(Short descriptive text snippets)
_ _ _
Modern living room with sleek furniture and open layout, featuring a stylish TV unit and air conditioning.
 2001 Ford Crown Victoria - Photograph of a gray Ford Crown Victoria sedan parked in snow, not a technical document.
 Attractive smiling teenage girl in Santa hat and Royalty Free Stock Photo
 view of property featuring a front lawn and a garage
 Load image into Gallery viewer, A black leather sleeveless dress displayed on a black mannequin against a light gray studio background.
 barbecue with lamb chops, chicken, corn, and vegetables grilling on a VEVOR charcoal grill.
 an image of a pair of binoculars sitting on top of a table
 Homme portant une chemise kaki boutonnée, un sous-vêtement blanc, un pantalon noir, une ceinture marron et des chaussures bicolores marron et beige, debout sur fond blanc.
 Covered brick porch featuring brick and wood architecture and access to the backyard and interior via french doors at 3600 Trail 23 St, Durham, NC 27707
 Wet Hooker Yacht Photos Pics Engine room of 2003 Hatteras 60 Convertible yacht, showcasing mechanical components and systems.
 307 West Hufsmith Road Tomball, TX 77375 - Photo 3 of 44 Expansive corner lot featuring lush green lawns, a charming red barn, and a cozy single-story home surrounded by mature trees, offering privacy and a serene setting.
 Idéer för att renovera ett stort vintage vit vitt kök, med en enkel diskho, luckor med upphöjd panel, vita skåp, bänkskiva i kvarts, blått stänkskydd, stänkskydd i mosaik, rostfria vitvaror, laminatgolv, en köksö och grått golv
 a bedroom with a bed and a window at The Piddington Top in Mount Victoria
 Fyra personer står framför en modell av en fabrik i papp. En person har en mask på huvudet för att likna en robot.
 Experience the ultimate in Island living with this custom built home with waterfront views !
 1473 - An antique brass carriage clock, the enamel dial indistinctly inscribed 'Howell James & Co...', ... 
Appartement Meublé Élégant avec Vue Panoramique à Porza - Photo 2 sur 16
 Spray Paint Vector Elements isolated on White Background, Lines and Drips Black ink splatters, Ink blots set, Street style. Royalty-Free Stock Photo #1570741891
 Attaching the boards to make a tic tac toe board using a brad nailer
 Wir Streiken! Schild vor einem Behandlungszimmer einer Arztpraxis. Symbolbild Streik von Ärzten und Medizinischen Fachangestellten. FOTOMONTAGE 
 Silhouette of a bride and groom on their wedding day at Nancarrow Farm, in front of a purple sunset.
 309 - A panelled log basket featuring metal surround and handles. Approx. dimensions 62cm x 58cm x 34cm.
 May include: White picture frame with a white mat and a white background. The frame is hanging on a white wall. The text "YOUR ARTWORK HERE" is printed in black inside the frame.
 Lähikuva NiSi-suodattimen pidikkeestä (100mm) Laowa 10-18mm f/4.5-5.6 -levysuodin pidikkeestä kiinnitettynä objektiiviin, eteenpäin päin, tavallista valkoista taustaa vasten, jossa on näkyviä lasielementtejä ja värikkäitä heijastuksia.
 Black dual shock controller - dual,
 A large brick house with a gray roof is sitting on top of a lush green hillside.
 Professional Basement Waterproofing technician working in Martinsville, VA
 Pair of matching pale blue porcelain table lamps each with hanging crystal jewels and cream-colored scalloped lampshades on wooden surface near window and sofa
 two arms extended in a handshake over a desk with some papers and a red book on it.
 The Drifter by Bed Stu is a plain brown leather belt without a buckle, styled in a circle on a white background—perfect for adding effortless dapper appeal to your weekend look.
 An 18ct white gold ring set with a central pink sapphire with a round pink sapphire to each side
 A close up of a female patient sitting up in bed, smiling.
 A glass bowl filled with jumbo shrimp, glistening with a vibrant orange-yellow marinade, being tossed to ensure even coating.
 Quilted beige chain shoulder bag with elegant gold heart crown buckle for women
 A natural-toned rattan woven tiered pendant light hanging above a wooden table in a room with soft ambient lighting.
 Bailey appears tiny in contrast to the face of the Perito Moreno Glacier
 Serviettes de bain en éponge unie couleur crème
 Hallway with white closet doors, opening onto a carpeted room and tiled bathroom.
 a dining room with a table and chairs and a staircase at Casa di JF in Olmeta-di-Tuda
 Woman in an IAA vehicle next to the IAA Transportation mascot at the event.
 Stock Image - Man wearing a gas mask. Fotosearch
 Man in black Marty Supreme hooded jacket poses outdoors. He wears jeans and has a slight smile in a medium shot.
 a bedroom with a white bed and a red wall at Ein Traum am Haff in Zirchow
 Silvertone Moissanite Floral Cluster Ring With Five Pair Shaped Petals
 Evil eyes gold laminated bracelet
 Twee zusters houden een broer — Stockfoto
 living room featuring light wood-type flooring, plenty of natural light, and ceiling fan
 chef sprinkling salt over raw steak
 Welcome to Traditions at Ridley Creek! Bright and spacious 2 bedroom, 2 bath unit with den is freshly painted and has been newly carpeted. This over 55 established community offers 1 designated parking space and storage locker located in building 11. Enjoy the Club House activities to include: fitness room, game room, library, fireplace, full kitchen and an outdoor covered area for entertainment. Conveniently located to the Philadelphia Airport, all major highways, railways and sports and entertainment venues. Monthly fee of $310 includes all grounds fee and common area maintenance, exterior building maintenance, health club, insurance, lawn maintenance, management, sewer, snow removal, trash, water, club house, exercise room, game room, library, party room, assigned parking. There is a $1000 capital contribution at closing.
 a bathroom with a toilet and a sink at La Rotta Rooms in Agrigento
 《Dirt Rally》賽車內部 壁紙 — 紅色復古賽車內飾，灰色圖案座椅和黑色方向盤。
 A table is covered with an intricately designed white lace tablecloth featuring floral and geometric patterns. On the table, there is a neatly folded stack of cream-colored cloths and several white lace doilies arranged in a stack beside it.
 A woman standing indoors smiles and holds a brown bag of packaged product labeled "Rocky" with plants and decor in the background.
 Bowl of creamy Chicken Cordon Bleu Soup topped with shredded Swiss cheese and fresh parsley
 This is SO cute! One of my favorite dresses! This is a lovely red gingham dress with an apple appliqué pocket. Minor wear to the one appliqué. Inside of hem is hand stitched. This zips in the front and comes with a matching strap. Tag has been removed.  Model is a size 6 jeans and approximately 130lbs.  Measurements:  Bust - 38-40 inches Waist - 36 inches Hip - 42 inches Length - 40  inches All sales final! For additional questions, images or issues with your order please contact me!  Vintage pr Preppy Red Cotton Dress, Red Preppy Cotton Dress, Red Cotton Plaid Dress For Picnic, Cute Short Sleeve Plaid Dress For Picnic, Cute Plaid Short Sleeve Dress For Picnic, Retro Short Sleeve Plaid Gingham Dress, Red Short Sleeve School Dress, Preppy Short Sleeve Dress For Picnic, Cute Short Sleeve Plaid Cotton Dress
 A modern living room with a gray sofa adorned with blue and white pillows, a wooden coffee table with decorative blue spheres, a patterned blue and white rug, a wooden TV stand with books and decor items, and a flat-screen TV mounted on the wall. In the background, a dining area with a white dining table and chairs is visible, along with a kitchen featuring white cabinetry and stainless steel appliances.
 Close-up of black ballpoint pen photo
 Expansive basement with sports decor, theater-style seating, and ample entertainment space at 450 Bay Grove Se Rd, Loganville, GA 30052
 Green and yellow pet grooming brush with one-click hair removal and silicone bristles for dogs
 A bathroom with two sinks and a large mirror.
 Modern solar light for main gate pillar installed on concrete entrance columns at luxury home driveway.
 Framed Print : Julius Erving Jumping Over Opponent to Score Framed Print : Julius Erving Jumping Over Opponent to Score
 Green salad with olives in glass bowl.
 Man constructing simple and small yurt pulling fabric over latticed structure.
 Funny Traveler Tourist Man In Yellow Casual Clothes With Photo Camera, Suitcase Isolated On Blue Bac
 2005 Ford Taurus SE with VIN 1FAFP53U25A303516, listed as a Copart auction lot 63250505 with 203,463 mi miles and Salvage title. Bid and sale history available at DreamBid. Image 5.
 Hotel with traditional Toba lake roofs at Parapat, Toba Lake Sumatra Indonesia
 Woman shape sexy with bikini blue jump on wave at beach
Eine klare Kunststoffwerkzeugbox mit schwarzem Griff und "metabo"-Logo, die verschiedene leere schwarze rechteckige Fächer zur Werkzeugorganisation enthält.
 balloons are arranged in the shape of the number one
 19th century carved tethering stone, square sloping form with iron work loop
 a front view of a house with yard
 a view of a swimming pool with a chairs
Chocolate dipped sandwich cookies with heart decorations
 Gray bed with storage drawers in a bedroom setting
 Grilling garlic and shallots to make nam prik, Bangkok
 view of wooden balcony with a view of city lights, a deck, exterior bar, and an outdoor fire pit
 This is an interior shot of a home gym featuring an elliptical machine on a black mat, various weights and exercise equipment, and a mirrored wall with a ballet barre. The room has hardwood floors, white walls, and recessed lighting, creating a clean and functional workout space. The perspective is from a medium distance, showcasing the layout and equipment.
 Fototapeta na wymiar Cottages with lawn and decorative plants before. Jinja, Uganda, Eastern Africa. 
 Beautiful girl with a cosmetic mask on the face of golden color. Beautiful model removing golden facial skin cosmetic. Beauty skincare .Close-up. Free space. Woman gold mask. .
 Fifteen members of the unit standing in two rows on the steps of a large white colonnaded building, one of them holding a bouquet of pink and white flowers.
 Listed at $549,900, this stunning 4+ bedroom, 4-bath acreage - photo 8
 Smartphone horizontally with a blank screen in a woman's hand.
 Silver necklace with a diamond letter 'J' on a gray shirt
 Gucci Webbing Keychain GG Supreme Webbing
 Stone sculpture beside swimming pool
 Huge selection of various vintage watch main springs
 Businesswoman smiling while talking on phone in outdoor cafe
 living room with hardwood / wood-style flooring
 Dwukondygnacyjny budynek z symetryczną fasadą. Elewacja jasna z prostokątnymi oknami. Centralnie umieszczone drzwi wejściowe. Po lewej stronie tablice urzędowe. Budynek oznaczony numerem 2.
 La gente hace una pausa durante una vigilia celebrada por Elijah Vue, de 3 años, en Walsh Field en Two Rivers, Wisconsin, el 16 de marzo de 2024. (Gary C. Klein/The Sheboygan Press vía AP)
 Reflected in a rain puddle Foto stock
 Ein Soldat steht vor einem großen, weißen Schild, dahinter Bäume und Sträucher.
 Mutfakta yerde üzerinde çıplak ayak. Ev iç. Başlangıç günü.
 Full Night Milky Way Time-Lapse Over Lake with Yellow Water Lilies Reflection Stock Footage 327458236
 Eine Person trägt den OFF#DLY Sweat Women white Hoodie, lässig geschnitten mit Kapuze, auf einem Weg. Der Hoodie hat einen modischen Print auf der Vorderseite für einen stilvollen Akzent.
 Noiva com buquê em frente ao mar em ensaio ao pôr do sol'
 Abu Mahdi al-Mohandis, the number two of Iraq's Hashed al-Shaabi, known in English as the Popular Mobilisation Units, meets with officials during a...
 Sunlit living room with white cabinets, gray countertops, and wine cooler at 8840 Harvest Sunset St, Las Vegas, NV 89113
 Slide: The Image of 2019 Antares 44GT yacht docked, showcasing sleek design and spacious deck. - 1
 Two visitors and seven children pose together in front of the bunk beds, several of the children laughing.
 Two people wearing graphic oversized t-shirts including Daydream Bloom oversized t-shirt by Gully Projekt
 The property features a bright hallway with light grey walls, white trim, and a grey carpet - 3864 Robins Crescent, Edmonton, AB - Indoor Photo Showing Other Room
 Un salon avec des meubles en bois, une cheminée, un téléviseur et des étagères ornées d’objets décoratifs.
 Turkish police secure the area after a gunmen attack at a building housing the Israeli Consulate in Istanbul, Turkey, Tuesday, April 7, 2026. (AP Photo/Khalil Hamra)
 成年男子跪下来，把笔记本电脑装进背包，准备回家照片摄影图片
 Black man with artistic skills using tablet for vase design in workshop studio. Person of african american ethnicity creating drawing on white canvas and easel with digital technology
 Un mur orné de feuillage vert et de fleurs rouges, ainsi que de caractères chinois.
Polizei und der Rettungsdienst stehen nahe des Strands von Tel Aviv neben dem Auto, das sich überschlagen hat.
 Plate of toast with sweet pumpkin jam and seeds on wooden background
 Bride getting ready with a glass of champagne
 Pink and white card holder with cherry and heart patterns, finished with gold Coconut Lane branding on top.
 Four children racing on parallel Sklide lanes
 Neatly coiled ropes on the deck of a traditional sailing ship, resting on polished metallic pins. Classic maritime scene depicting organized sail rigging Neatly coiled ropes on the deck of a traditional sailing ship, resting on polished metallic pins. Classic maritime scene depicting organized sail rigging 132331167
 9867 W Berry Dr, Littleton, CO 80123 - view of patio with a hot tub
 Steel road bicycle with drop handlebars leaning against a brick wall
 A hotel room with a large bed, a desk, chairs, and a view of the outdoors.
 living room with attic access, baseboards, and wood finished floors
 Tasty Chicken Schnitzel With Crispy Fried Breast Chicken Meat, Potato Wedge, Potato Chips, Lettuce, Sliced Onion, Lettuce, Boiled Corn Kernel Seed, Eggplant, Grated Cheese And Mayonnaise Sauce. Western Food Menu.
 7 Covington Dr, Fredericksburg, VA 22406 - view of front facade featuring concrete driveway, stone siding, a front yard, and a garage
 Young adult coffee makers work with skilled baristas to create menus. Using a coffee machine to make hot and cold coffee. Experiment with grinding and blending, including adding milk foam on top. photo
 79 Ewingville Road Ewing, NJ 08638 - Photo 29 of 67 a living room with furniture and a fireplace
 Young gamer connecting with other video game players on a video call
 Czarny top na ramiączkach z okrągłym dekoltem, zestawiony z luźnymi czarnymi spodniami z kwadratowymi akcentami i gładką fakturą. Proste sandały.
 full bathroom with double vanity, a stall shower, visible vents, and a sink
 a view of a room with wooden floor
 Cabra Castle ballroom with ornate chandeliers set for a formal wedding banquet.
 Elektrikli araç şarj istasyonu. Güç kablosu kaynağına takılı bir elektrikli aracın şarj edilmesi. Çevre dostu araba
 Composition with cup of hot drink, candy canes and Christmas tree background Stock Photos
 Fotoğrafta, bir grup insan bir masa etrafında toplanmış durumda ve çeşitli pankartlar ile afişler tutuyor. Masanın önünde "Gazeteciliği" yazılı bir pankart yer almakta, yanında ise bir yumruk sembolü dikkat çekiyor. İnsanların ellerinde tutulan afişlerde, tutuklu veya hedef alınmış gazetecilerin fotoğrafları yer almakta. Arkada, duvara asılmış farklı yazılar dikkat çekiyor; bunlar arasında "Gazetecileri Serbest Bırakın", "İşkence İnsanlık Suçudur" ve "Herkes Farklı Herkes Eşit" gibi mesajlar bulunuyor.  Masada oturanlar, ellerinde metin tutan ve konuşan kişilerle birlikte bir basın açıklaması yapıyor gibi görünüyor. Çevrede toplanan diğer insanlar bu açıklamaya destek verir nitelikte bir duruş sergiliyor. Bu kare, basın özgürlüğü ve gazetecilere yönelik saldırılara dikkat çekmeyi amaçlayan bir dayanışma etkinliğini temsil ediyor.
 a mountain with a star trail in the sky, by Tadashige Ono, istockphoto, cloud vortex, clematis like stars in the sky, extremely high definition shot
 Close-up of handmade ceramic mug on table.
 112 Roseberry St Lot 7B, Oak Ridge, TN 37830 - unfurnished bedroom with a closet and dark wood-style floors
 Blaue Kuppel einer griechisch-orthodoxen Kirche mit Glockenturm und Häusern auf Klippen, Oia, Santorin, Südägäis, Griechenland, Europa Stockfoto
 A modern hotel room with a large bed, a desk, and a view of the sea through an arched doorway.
_ _ _
**Task objective:** Given the data above, transcribe exactly the lines from the one containing "Silhouette of a" down to the one containing "two arms extended", and no others.

**Answer box:**
 Silhouette of a bride and groom on their wedding day at Nancarrow Farm, in front of a purple sunset.
 309 - A panelled log basket featuring metal surround and handles. Approx. dimensions 62cm x 58cm x 34cm.
 May include: White picture frame with a white mat and a white background. The frame is hanging on a white wall. The text "YOUR ARTWORK HERE" is printed in black inside the frame.
 Lähikuva NiSi-suodattimen pidikkeestä (100mm) Laowa 10-18mm f/4.5-5.6 -levysuodin pidikkeestä kiinnitettynä objektiiviin, eteenpäin päin, tavallista valkoista taustaa vasten, jossa on näkyviä lasielementtejä ja värikkäitä heijastuksia.
 Black dual shock controller - dual,
 A large brick house with a gray roof is sitting on top of a lush green hillside.
 Professional Basement Waterproofing technician working in Martinsville, VA
 Pair of matching pale blue porcelain table lamps each with hanging crystal jewels and cream-colored scalloped lampshades on wooden surface near window and sofa
 two arms extended in a handshake over a desk with some papers and a red book on it.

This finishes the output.